DSM VI (visionnaire, la dernière version étant le V) s’orne d’accents pop tranchant avec le propos grave, auxquelles succèdent les nappes mélodiques de Chloé Barabé, à mi-chemin entre cynisme et mysticisme. « Open your chakras and let them guide you / Release the beast that is inside of you ». Le changement de rythme annonce une fin de non-recevoir : en résolution de la dépression ambiante, qu’on se le dise : « I’ve got something to fight ».
De l’engagement dans le post-punk
Avec Coca Collapse, le positionnement politique du groupe s’affirme, entre écologie et éthique. « Corona / Australia / Lubrizol / You ready? Buy Ouighours clothes on a site (…) Enjoy abuse the little child ». Le groupe prend ses distances avec l’essence no future de la mouvance dont il est l’enfant légitime, plaidoyer rock pour un avenir à inventer – ce que chanter veut dire.
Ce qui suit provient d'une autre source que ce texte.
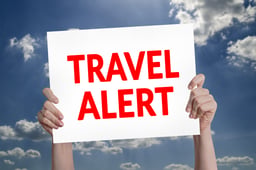 Travel Alert card with cloud background 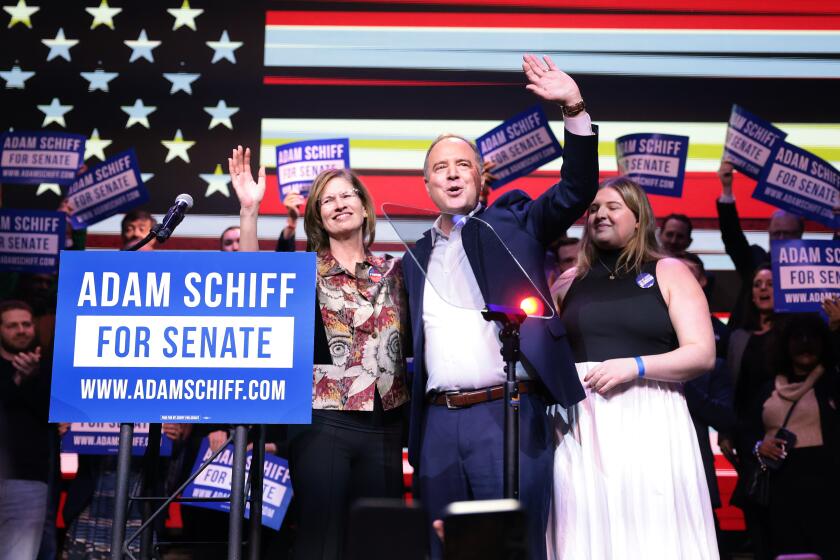 Los Angeles, California March 6, 2024-Adam Schiff celebrates with his wife during an election party at the Avalon in Los Angeles Tuesday night as he seeks to replace Sen. Diane Feinstein in the Senate. (Wally Skalij/Los Angeles Times)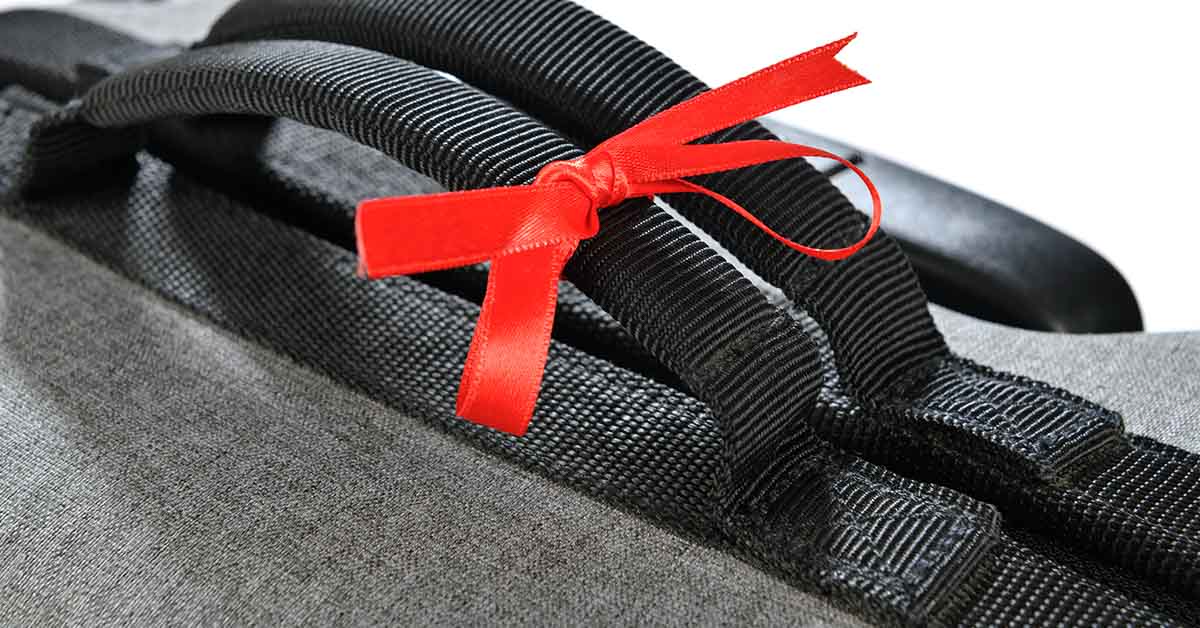 ying Ribbons Onto Luggage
Plus intimiste, le cathartique Exorcise aux influences définitivement Shoegaze s’attaque au récit d’un viol. « My heart stopped beating », scandé d’une voix douce et déterminée rappelle le son 90’s des Throwing Muses sur Not too soon ou de Hole sur Jennifer’s body. « I lost my friends when I told them » : la voix ne se laisse pas démonter par le propos, les guitares saturées font place à l’apaisement, choc post-traumatique jalonné de moments de grâce. De l’exorcisation du trauma comme prémices à des lendemains qu’on décidera résolument solaires.
Aux instants suspendus
Au son des hululements des chœurs, Epiphany précède Vanishing patience. L’accalmie – de courte durée – se donne à voir comme dans la résilience – humeur fluctuante, parenthèse. La balade psyché, ode au rétablissement à venir – dont on ne doute jamais – prend de faux airs de berceuse aux accents de prière laïque crépusculaire avant l’explosion de rage en plein vol, toujours avec le sourire.
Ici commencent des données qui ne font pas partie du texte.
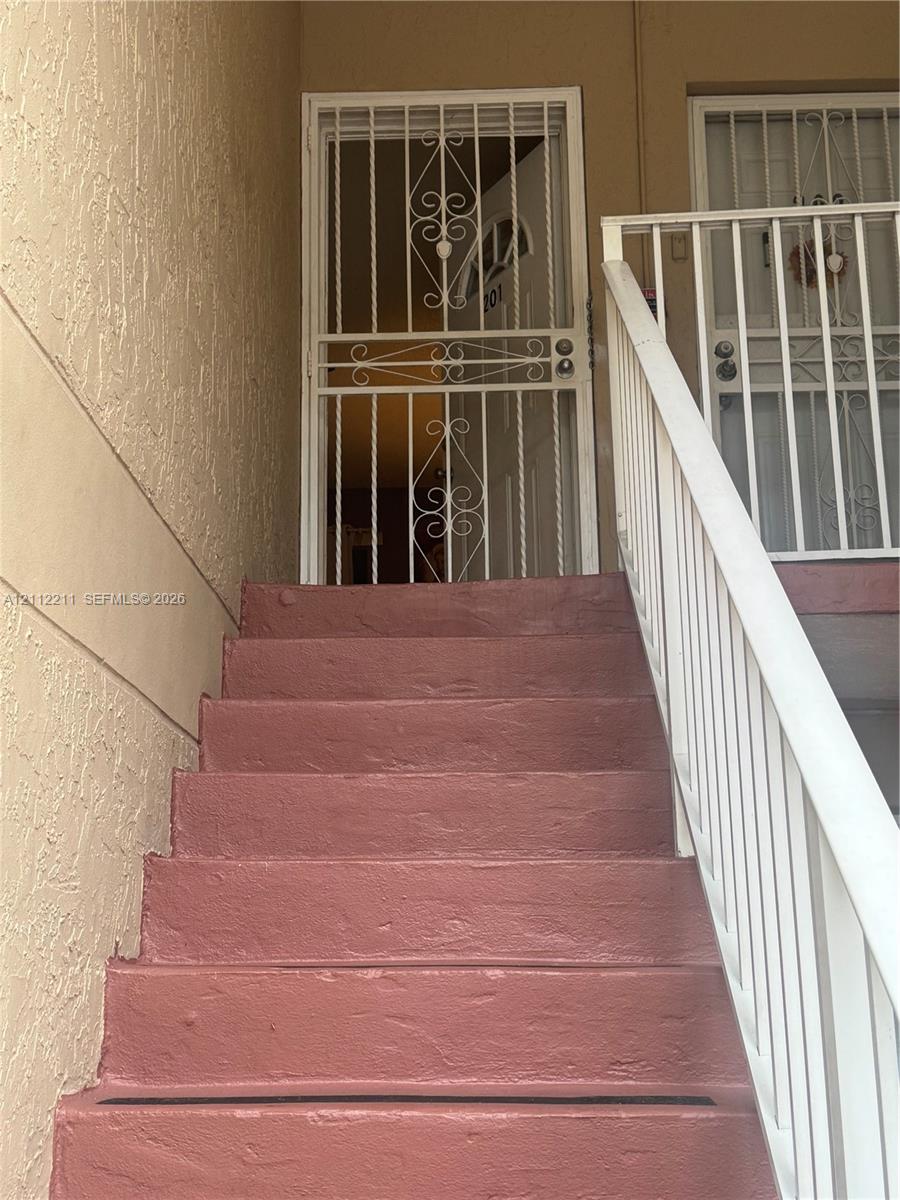 Stucco exterior staircase with painted concrete steps and metal railing featuring decorative security gates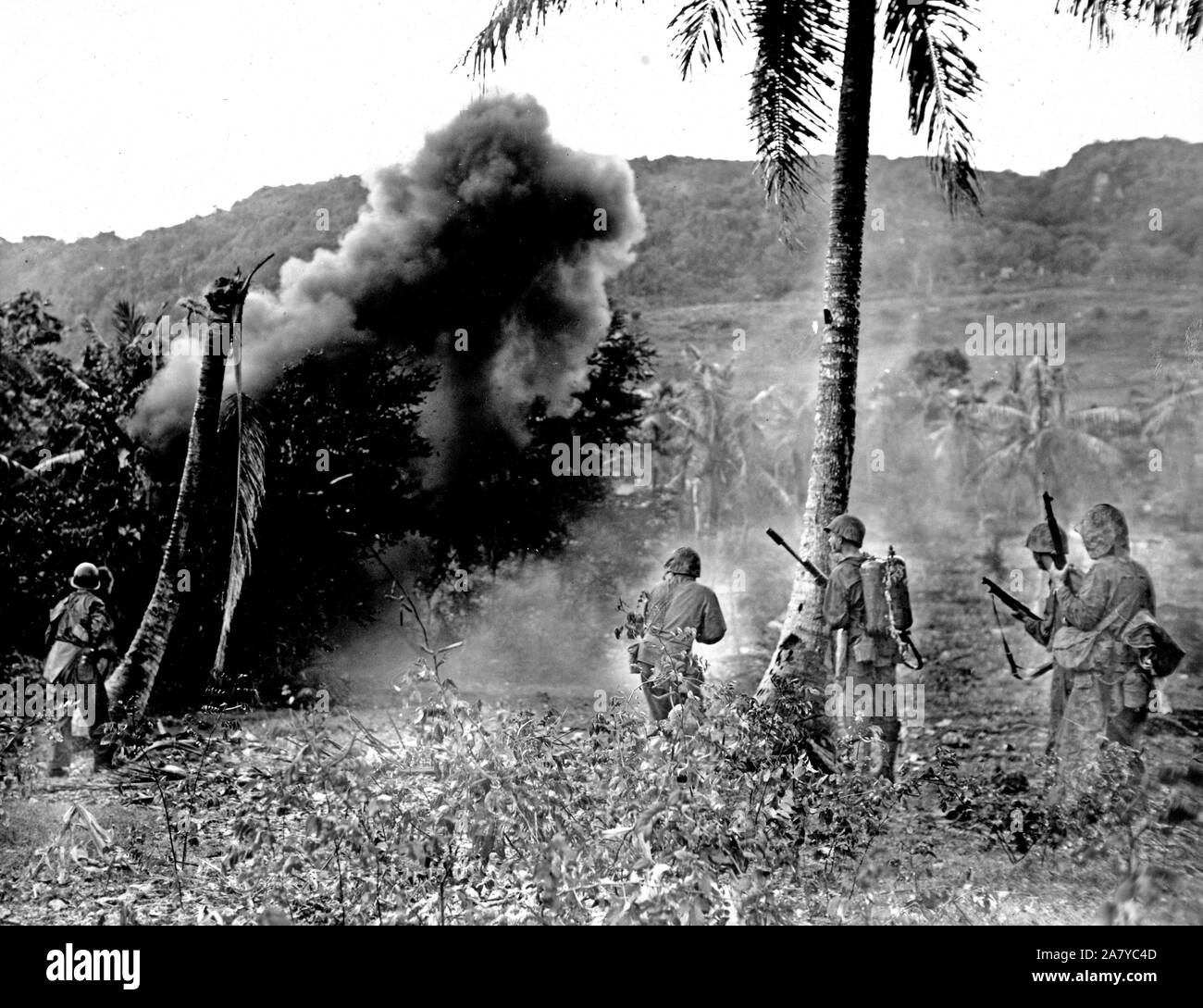 Marines attack a Japenese position with a demolistion charge and shoot soldiers as they flee Stock Photo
« About racism and all this crap / They say « ouais c’est la vie » (…) « Now go fuck themself / It’s time to stop the patriarchy ». Et de conclure « Always beat in my heart », refrain obsédant sur fond de garage post-punk, revendication clamée haut et fort. Et quand Terminal martèle « it’s time to dance with my friends », le titre éponyme de conclure : « We want to be fine / It’s time to be fine » : des éclats dans l’obscurité.